Si PRISM s'attache ainsi à réfléchir tout le spectre des émotions de l'Australien, il ne réconciliera cependant pas avec ceux qui lui reprochent d’être tombé dans une forme de folk-rock mou du genou un peu trop fadasse et commercial. Sur une pente glissante depuis le tournant amorcé par April Uprising, John Butler délivre une nouvelle fois une musique définitivement plus policée et consensuelle. Les pamphlets anti-anticapitalistes dopés à la guitare en fusion (retournez écouter « Money » sur l'album Three) ont cédé le pas devant des compositions bien plus calibrées. Les deux titres choisis pour présenter l'album, la ritournelle "Trippin' On You" et son piano guilleret et la mièvre ballade folk "So Sorry", font figure d'exemples et sont les parfaits révélateurs de cette orientation beaucoup plus lisse à l'intérêt limité.

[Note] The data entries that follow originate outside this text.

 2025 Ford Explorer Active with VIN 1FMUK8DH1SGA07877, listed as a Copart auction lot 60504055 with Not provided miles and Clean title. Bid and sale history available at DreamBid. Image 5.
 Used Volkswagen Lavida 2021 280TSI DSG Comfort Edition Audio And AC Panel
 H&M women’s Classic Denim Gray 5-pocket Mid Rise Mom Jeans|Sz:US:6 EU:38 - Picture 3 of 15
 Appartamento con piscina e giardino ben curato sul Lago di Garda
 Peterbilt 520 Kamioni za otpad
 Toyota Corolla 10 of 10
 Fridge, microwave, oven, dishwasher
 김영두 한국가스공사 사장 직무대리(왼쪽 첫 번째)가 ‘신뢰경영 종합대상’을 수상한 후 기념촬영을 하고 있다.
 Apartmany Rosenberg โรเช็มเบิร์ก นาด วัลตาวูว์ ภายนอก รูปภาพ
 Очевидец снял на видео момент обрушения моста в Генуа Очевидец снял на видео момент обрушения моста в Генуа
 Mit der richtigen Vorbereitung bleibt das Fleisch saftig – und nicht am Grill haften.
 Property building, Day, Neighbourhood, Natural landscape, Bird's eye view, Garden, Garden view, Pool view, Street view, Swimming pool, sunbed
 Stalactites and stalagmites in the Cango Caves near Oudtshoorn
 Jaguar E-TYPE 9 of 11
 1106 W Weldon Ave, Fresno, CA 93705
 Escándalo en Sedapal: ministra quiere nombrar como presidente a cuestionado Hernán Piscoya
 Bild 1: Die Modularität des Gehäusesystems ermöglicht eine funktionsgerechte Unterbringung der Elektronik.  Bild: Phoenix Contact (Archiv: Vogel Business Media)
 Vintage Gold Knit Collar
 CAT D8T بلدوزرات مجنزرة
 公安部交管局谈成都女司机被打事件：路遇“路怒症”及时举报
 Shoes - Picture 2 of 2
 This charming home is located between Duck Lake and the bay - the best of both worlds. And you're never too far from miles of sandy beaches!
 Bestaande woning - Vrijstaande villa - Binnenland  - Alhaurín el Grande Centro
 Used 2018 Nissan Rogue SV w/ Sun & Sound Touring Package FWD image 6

Moins fondé sur le métissage musical dont John Butler est issu ou sur le jeu de guitare fantastique de son auteur, PRISM mise davantage sur l'accessibilité des compositions et sur une production chargée (notamment une surenchère de chœurs un peu fatigante sur presque tous les refrains de l'album), suivant ainsi un cahier des charges très formaté. Faute de crescendo marquant ou d'évolutions instrumentales significatives, la longueur de certains titres se traduit ainsi par une forme de répétitivité, à l'instar de la boucle d'accords aux inflexions très pop de "Gets Better" ou encore de "Doing Just Fine" qui profite d'un thème plus avenant mais un peu redondant sur la durée. La grande force de John Butler, l'inventivité de son jeu virevoltant en fingerpicking, est sous-utilisé au profit d'une certaine linéarité mélodique et d'une écriture qui manque de relief, à l'image de "King of California", qui sans être désagréable ne marquera certainement pas les esprits. De la même manière "Hand In Mine", petit exercice folk dépouillé et intimiste aura bien du mal à se démarquer dans la discographie de l'Australo-américain.
Tout le contraire de l'excellent "The Way Back" et son motif sombre et obsédant dynamité par un refrain frondeur et un excellent solo conclusif. Un titre qui domine l'album et qui constitue à nos yeux assurément l'un des meilleurs morceaux de 2025, rien que ça ! Plus loin, "Outta My Head" remet la guitare au centre des débats avec un riff nerveux dans la pure tradition des titres coups de poing tandis que le jeu de notes en cascades de "Leave the Rest to Earth" offre une belle respiration avant la conclusion de l'album chanté comme un mantra. Enfin, pierre angulaire de l'album, le cathartique "Let Yourself Go" permet à John Butler d'évoquer avec douleur et amertume la perte de son père et bénéficie d'un pont très réussi mettant en valeur le jeu si expressif de la guitare 11-cordes et opérant une belle montée en puissance agrémentée d'éléments électro.
De quoi faire naître des sentiments mitigés en définitive avec un PRISM qui ne brille pas sur toutes ses facettes. La surproduction dont l'album bénéficie vient malheureusement lisser toutes les aspérités organiques et mélodiques qui faisaient tout le sel du jeu de l'Australien. Si cette approche prédomine depuis plusieurs albums déjà, John Butler sait pourtant nous séduire dès qu'il remet son jeu stratosphérique au centre des compositions. Tout n'est donc pas perdu et on vous invite en attendant à suivre John Butler en live, où il excelle toujours.